= Narciso Botello =

American politician (1813–1889)

Narciso Botello (about 1813–1889) was a Californio politician and military officer who served as chief of staff for Mexican general Joaquín Ramírez y Sesma before the Mexican–American War and was the first Southern California member of the California State Assembly after California organized its legislature.

==Personal life==
Botello was born about 1813 in Real de los Álamos in the Viceroyalty of New Spain. He moved with his brothers to the Pueblo de Los Ángeles in Alta California, in 1832 or 1833, when it was part of independent Mexico.

Shortly after, he married a daughter of General Joaquin Ramirez y Sesma, commandment of the local Mexican military department. In the 1850 United States federal census, he was listed as married to Francisca Ruiz, with two children, Narciso and Francisca. He may also have had a third child, Maria, who is listed in the 1860 census.

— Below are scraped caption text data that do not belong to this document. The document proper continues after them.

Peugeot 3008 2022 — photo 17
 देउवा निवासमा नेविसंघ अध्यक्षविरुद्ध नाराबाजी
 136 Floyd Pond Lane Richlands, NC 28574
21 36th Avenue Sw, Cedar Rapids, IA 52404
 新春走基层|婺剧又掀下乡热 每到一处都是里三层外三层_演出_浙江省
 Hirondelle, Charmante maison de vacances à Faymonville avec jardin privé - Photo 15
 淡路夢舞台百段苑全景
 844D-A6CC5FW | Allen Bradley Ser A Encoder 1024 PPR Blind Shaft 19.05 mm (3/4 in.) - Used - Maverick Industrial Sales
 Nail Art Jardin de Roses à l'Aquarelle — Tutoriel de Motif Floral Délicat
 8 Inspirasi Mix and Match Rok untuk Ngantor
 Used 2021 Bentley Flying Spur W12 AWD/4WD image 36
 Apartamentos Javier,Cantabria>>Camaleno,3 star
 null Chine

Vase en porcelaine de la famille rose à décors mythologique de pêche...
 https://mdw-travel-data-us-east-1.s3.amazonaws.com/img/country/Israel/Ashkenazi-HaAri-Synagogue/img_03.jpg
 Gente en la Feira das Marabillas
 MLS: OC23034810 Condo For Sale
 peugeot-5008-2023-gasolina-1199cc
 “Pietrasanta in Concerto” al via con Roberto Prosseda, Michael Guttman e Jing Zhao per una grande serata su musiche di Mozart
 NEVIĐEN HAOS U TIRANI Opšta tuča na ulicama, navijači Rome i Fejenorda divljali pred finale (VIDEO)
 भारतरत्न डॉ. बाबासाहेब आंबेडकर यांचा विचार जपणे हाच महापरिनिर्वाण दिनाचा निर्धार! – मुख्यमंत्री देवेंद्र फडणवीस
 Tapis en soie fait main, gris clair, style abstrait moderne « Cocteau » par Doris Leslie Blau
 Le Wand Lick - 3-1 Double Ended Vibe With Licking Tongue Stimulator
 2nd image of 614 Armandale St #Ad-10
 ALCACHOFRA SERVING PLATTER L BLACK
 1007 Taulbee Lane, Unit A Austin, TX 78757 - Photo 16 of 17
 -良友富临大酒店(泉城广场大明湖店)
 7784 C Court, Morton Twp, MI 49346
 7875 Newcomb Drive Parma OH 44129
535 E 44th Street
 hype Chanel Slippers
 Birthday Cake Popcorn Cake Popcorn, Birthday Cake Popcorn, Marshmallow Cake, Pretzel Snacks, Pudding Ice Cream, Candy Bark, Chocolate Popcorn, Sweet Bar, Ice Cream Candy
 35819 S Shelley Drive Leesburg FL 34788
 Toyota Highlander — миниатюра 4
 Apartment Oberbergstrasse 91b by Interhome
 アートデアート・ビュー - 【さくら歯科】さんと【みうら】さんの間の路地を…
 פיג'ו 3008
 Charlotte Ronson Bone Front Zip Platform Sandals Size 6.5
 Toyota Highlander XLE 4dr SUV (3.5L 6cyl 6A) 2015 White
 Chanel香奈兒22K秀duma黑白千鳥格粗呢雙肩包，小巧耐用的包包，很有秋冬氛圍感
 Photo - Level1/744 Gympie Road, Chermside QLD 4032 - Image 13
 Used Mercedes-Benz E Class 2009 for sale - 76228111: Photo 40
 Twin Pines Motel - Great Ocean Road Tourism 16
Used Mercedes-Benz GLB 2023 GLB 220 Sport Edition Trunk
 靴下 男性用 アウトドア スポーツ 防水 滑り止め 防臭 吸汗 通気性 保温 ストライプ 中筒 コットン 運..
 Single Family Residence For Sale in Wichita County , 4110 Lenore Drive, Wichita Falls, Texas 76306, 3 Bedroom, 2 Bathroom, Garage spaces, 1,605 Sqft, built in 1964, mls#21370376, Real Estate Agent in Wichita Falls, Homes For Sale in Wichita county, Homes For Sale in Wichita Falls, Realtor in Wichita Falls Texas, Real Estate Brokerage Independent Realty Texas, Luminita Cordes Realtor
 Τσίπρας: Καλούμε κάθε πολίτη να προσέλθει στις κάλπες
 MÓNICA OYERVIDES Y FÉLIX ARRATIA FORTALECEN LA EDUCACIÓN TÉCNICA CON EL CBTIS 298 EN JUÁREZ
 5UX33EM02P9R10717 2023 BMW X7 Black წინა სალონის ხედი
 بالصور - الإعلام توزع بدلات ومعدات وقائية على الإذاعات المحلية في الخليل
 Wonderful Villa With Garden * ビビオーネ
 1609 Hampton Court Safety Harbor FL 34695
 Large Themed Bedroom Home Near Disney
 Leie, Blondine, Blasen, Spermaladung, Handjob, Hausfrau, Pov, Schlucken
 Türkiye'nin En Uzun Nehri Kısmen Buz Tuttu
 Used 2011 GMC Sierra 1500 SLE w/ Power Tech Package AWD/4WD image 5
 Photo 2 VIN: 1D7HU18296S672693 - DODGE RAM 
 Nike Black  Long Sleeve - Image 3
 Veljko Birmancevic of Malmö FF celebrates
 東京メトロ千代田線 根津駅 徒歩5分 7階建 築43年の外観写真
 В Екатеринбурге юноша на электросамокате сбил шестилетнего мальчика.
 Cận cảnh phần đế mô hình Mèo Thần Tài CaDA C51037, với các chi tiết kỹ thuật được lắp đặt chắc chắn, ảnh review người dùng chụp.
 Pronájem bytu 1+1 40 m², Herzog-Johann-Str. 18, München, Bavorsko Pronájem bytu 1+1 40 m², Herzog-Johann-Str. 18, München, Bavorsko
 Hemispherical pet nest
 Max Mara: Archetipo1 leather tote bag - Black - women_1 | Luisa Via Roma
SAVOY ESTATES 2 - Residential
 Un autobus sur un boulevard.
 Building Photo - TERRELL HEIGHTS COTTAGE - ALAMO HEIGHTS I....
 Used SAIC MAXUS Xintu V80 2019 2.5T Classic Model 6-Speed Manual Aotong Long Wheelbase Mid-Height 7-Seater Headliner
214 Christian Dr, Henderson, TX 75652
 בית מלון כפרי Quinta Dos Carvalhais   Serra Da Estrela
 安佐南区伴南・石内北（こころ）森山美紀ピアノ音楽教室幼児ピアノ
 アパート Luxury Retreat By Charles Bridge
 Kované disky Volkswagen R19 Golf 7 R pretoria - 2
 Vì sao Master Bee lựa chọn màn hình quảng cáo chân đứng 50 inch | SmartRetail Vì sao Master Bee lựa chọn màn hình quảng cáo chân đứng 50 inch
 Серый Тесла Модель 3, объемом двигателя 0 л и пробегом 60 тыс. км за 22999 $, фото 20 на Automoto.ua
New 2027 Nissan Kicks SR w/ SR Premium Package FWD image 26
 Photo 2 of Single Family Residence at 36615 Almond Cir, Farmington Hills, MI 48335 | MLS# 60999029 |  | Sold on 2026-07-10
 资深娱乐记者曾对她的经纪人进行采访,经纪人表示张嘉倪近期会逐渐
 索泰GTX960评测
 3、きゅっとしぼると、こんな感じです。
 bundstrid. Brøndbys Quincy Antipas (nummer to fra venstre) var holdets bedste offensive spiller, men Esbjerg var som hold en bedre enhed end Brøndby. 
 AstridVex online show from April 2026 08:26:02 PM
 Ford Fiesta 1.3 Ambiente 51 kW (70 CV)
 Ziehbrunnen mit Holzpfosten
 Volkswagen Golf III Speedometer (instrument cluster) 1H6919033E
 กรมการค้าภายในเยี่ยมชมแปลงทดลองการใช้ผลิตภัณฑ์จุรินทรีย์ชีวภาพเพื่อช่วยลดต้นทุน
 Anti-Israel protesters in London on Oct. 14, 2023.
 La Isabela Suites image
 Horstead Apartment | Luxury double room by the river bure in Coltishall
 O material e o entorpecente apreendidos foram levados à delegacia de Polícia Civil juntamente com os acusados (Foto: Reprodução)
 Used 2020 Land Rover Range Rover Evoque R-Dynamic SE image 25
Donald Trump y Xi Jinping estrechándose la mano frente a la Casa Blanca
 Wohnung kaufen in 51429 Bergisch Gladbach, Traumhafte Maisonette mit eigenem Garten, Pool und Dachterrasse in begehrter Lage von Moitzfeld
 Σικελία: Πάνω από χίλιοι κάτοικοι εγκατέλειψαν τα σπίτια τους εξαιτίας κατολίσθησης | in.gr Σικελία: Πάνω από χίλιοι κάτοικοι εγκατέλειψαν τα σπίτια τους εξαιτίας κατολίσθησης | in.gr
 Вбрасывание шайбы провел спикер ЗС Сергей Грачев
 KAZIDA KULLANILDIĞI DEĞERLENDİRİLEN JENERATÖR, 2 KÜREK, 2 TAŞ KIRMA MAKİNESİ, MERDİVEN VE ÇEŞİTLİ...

Botello died in East Los Angeles on November 20, 1889, at the age of seventy-six. He was survived by a daughter. At that time his home was on Hawkins Street.

==Mexican rule==
Botello was chief of staff for Ramirez y Sesma. His two brothers also married daughters of the general.

In 1833, he was provisionally granted four square leagues, or 17,706 acres, of the Rancho Santa Maria de Los Peñasquitos, but because he "failed to fulfill the requirements," the rancho was then granted to Jose Joaquin Ortega in 1843.

In 1837, Botello was secretary of the ayuntamiento of Los Angeles. "He was for eight years Jefe de los Archivos of Los Angeles, and served a term as Prefecto.

In 1845, Botello was granted lands of Rancho Ex-Mission San Buenaventura by the Mexican government, as well as to a man named Jose Arnaz. It was later said that the mission's former lands were "illegally sold" to Arnaz.

==Statehood==
After California became a state in 1850, Botello was the first member of the California Assembly in the California Legislature from the southern part of the state, and he served two terms. Afterward, he was county recorder of Los Angeles County, or, in Spanish, jefe de archivos. He also was a prefeto or judge.

Botello was a member of the Los Angeles Common Council, the governing body of the city, in 1852–53.

In 1856, Botello was a member of several committees of the California Assembly, including one charged with "the use of Spanish missions in California in facilitating resources for war against the United States, revoking mission land grants/sales made by Pico, and continuing to rent the lands."

In 1859, he was a notary public.

==Legacy==
Botello completed two manuscripts — Anales del Sur de la California and Comunicaciones Sueltas de un Angelino — to which Hubert Howe Bancroft and his team referred in writing the Bancroft histories of California. The former is now at the Bancroft Library. The Anales has been translated into English and published (iUniverse, 2014) as Narciso Botello's Annals of Southern California 1833 - 1847.